At the end, we were told that Evergreen was one of the only bands who didn’t have a single student drop out of the parade from fatigue or the cold weather. All of the hours of rehearsal and fundraising were worth it to get to this moment. They were making history.
AK: What roles do parents play in the band environment?
SK: There are many reasons hard working students create their success. I believe that strong parents make strong kids. The parental involvement at Evergreen is amazing. They see the effect the band program has on their students, and they want to be a part of it. The band program is one of the few activities where parents can feel like they are a welcomed part of their student’s education. They chaperone trips, cheer from the sidelines at performances, video the band concerts, adjust their uniforms. The students call all of our parents “Mom” or “Dad” no matter who they are. I see as many smiles of pride from parents as I see from students. They know what great things their students are experiencing, and they feel a part of it.
AK: How have kids and the schools changed since you began your career in music? Why does this make it important to keep music or some other art in kid’s lives today?

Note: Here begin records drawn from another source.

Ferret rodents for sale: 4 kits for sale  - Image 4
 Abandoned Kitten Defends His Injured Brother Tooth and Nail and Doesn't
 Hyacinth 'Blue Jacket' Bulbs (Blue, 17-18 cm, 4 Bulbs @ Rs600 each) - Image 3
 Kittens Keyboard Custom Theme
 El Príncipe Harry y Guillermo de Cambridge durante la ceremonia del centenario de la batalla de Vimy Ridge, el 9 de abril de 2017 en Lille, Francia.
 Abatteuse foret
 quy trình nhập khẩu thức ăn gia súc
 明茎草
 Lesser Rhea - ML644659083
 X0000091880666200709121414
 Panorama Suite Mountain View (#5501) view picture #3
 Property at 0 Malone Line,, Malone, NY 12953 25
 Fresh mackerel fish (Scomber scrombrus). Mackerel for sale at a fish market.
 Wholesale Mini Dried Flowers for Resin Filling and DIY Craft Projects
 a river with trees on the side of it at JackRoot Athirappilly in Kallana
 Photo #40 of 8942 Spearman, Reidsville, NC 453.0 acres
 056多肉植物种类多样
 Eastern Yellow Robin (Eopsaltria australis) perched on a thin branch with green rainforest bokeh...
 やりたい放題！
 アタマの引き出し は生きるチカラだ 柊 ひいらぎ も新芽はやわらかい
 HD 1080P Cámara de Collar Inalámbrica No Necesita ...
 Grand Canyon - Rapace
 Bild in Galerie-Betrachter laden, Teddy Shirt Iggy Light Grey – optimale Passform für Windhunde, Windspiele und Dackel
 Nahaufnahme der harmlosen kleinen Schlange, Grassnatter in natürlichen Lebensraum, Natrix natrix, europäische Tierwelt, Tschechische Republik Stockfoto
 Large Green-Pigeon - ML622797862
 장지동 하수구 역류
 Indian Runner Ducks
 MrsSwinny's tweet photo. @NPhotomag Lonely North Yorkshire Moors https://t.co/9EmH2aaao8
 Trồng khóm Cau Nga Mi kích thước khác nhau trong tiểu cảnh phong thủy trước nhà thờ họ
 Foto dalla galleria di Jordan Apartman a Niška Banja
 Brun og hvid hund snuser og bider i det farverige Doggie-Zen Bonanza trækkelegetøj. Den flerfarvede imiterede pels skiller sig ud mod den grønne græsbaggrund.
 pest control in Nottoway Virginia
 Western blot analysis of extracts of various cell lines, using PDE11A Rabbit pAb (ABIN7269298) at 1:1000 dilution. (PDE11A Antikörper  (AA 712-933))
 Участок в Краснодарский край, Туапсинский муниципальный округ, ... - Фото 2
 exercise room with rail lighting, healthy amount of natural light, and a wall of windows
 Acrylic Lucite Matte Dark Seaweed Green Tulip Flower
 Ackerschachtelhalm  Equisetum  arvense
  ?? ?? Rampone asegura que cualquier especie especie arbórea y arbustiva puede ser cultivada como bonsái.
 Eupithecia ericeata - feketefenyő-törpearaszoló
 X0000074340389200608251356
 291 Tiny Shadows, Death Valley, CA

SK: Students are very different now than when I began teaching 22 years ago. Even in the past few years, I see more students in the hallways who don’t feel a connection to their school. Unfortunately, many students are being parented by video games, text messaging and television, which is leading to a decline of important social and communication skills. Schools are focusing on getting students to pass state testing and ignoring the important influence of electives, especially the arts. Students are losing their desire to excel at something. The upper 10% of students are tending to be involved in too many different activities, excelling at none of them, and feeling that “more is better” rather than focusing on one or two things and working towards mastery. The middle- and lower-level kids are getting less active in school and thus feeling less connected. They think, “Why work for hours at mastering a talent or a sport when you can play a video game whenever you want and not have to break a sweat?” In many ways, the payoff for the teenager is the same, albeit less lasting and less useful, to prepare students for work and becoming a more productive member of society. Music and the arts provide these skills on a daily basis, and provide a deeper understanding of beauty and culture. I believe we need to stress these life-skills in school as well as what others might call the “basics.”
AK: What lessons do you think students learn by being a part of a band or other art program?
SK: Students may spend years of dedicated work until the “payoff” of creating meaningful music. Nearly all band members at the high school level have gone through seven years of instrumental instruction by the time they graduate. They have persevered through frustration, disappointment and the general ups-and-downs of honing a skill that involves fine motor skills, high interpretive qualities, and long hours of practicing something multiple times until it is perfect. Not only are these skills highly marketable in the workplace, but they also blend and influence every other part of their lives.
AK: What have been some of your proudest moments as a Director?
SK: I’ve had proud moments when my bands win trophies or perform well at a concert. My proudest moments are when I witness a student find an emotional connection to a piece of music. I love seeing them show emotion during a performance such as crying or smiling, which means what they are creating touches them in some emotional way. Once that happens, they will work to create that higher-level understanding in other subjects and in other areas of their lives.